A questão é se há conflito de interesses em vista dos cargos públicos ocupados por Paulo Guedes e Campos Neto, os quais têm como uma das metas prioritárias controlar a valorização ou desvalorização do dólar e, na medida em que atuam, estão dando relevância aos seus próprios interesses econômicos e das grandes fortunas, incluindo a dos donos dos nossos conglomerados midiáticos, que também, para salvaguardar seu valoroso capital, fazem esse tipo de aplicação? A pergunta é longa, mas a resposta não é simples. Vejamos. Diz a reportagem da Revista Piauí: “A abertura de uma offshore ou de contas no exterior não é ilegal, desde que o saldo mantido lá fora seja declarado à Receita Federal e ao Banco Central. Mas, no caso de servidores públicos, a situação é diferente. O artigo 5º do Código de Conduta da Alta Administração Federal, instituído em 2000, proíbe funcionários do alto escalão de manter aplicações financeiras, no Brasil ou no exterior, passíveis de ser afetadas por políticas governamentais. A proibição não se refere a toda e qualquer política oficial, mas apenas àquelas sobre as quais ‘a autoridade pública tenha informações privilegiadas, em razão do cargo ou função’. Em janeiro de 2019, cinco anos depois de abrir a offshore e depositar 9,55 milhões de dólares, Guedes virou o principal fiador do governo Bolsonaro e assumiu o cargo de ministro da Economia, sob cuja responsabilidade está um enorme leque de decisões capazes de afetar seus próprios investimentos no exterior. As penas para quem infringe o artigo 5º variam de uma simples advertência à recomendação de demissão.”

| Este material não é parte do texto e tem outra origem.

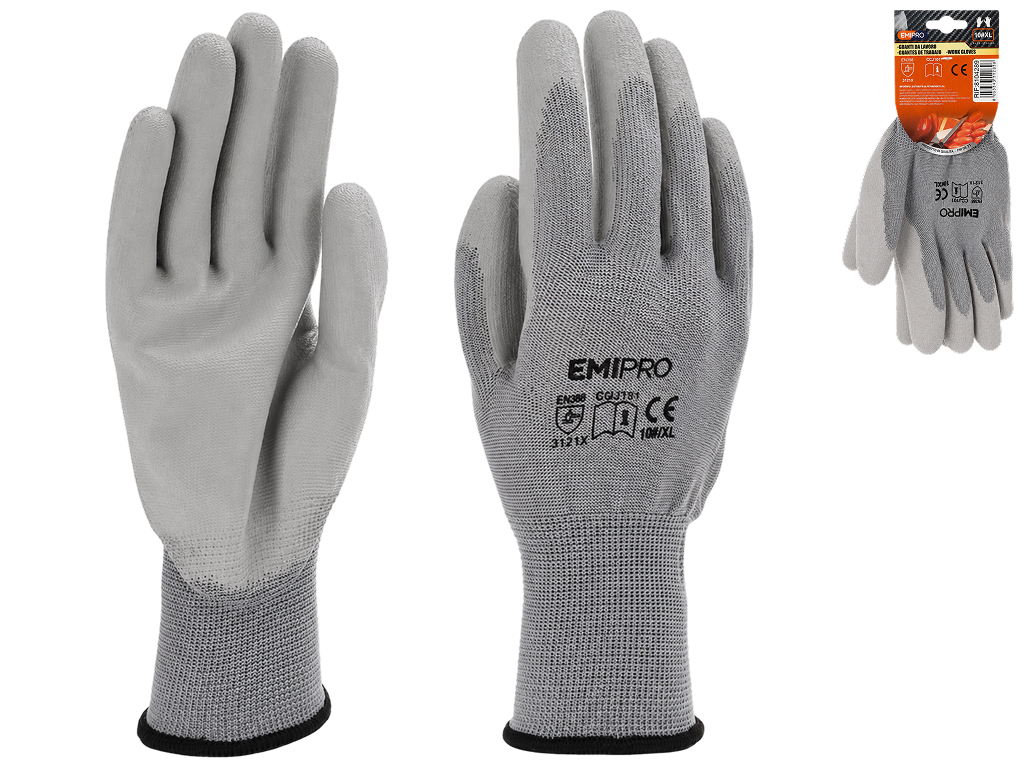 Перчатки рабочие EmiPro, полиэстер, PU, размер XL,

O jornalista Reinaldo Azevedo, com precisão analítica, coloca em dúvida a postura ética e, diga-se, técnica desses dois comandantes da economia de nossa pátria amada e afirma: “Nem tudo o que não é ilegal é ético — e cumpre, sim, indagar se, não sendo ético, não é também ilegal, uma vez que o texto que define o conflito de interesses é uma lei. É claro que, a muitos, as duas autoridades mais importantes na definição dos rumos da economia passam a mensagem de que eles próprios não confiam na eficácia do próprio trabalho.” Ou seja: aplicam os seus milhões de dólares em paraísos fiscais e, ao mesmo tempo, dirigem a economia de um país continental como o Brasil, em que o dólar, permanente em alta, beneficia a economia dessas duas espertas (com s mesmo) figuras. Não basta apenas declarar à Receita ou a qualquer outro órgão fiscalizador. Isso é de pouco relevância, haja vista que o conflito de interesses é visível, assim como vacinar é a solução efetiva para combater o coronavírus. Volto a Reinaldo Azevedo, para concluir: “Não! Eu não estou aqui a afirmar que Guedes ou o Campos Neto tomam esta ou aquela decisão pensando nos dólares que têm depositados em offshores. Mas é evidente que suas decisões impactam nos... dólares que têm depositados em offshores!!!” E reticência. Aguardemos a investigação do Procurador Geral, que tem por hábito procurar e nunca achar. Arre égua!